A stone is thrown horizontally from a cliff 30m high with an initial speed of 20m/s . how far from the cliff does the stone strike the ground
Answers
Given :-
Initial Velocity of stone = u = 20 ms-¹
Height of cliff = h = 30 m
As considering the vertical initial velocity of body as zero.
S = ut + 1/2 gt²
30 = 0 + 1/2 × 10t²
t = √(2×30)/10
t = 2.4 s
Again,
As given the horizontal velocity of stone is constant hence,
d = vt
d = 20 × 2.4
d = 48 m
Hence,
The distance it will strike the ground = d = 48 m
Answer :
Height of cliff = 30m
Initial speed = 20m/s
We have to find range of stone
★ First of all we need to find time of flight.
In such kind of height to ground projectile motion, Horizontal component of initial velocity determines range of projectile and vertical component of initial velocity determines time of flight.
- Horizontal component of velocity remains constant throughout the motion as no acceleration acts along horizontal direction.

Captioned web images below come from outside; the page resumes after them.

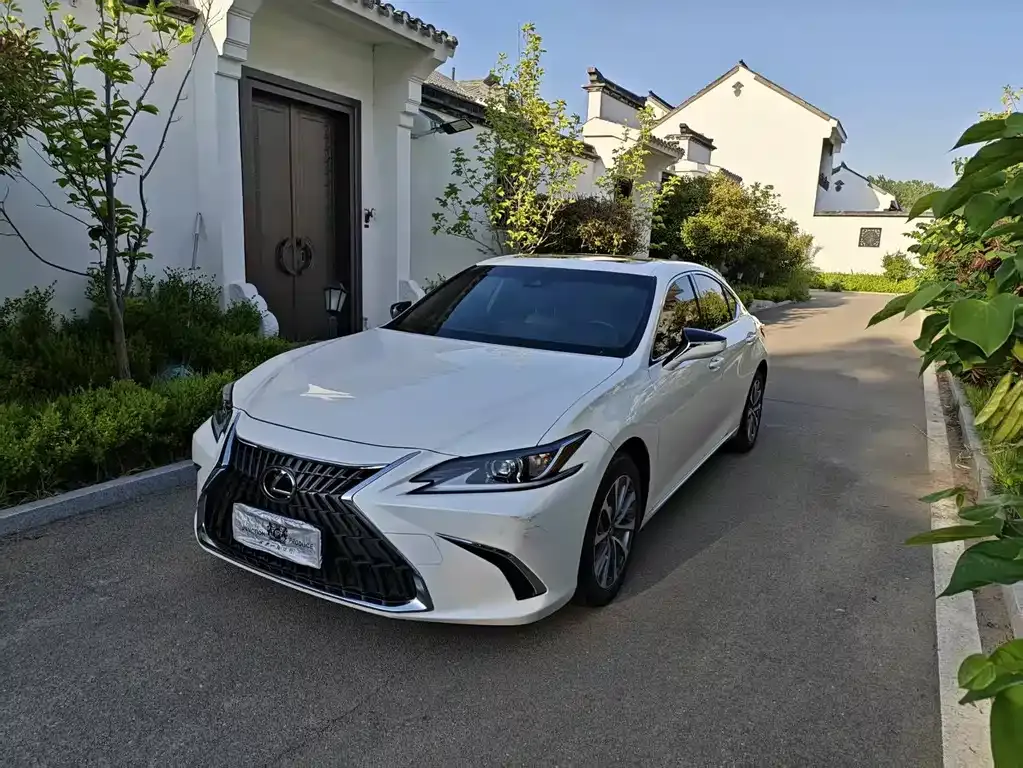 Lexus ES — фото 8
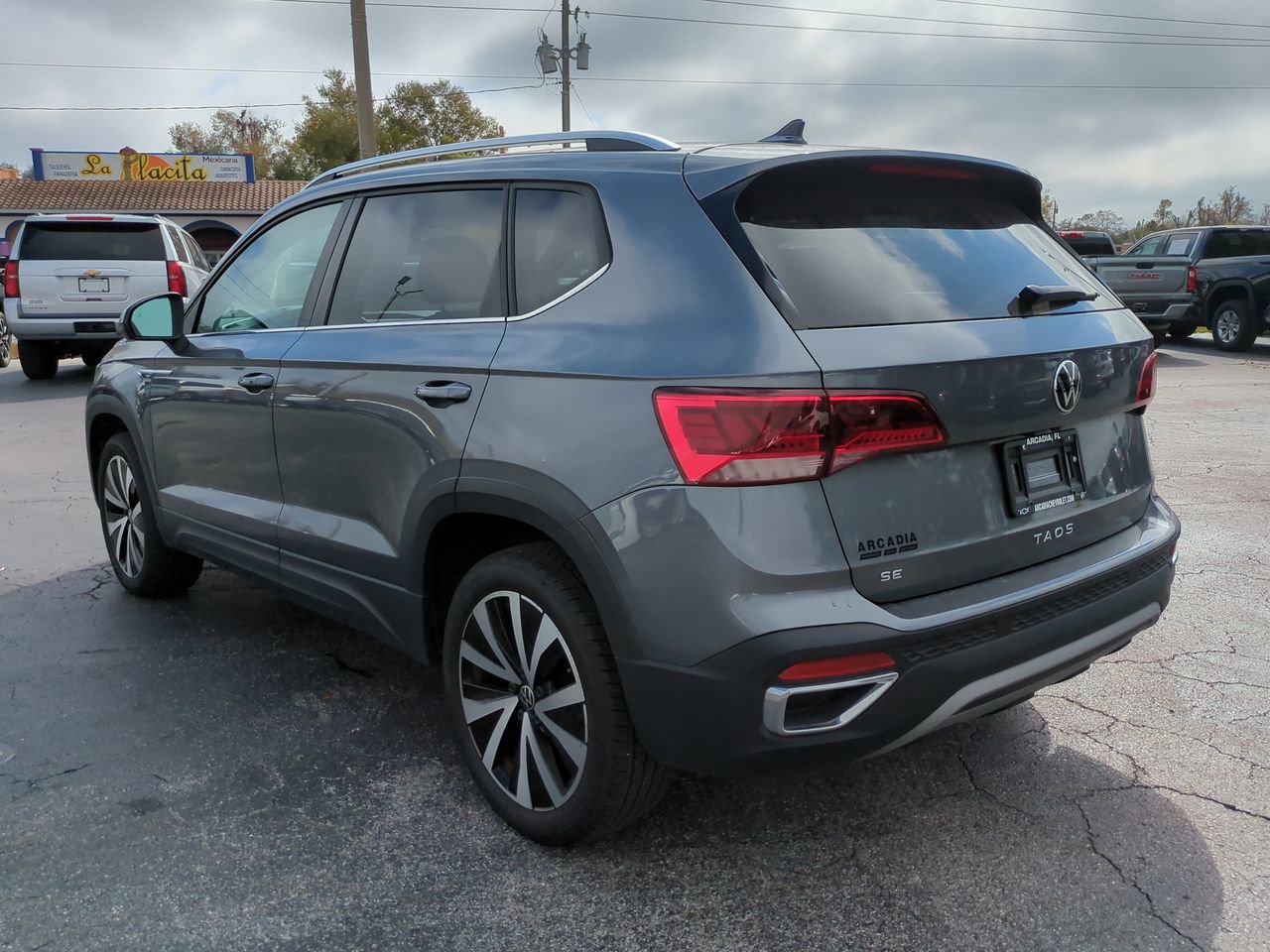 Used 2024 Volkswagen Taos SE image 6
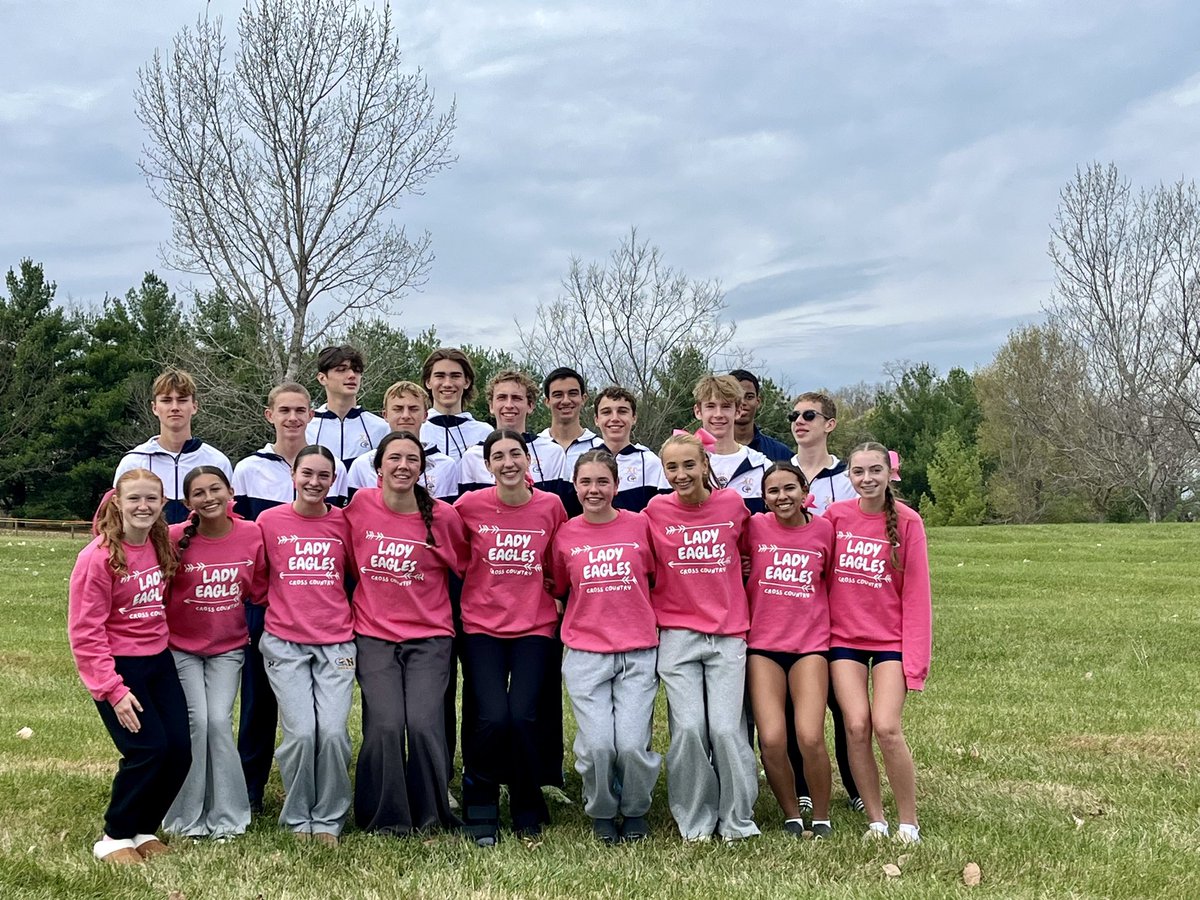 LNEagleXC's tweet image. That going to state TEAM feeling!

- Vertical component of velocity changes with time as acceleration due to acts in downward direction.
➝ t = √2h/g
➝ t = √2(30)/10
➝ t = √60/10
➝ t = √6
➝ t = 2.45 s
★ Calculation of horizontal range :
➝ R = u × t
- u denotes initial velocity
- t denotes time of flight
- R denotes range
➝ R = 20 × 2.45
➝ R = 49 m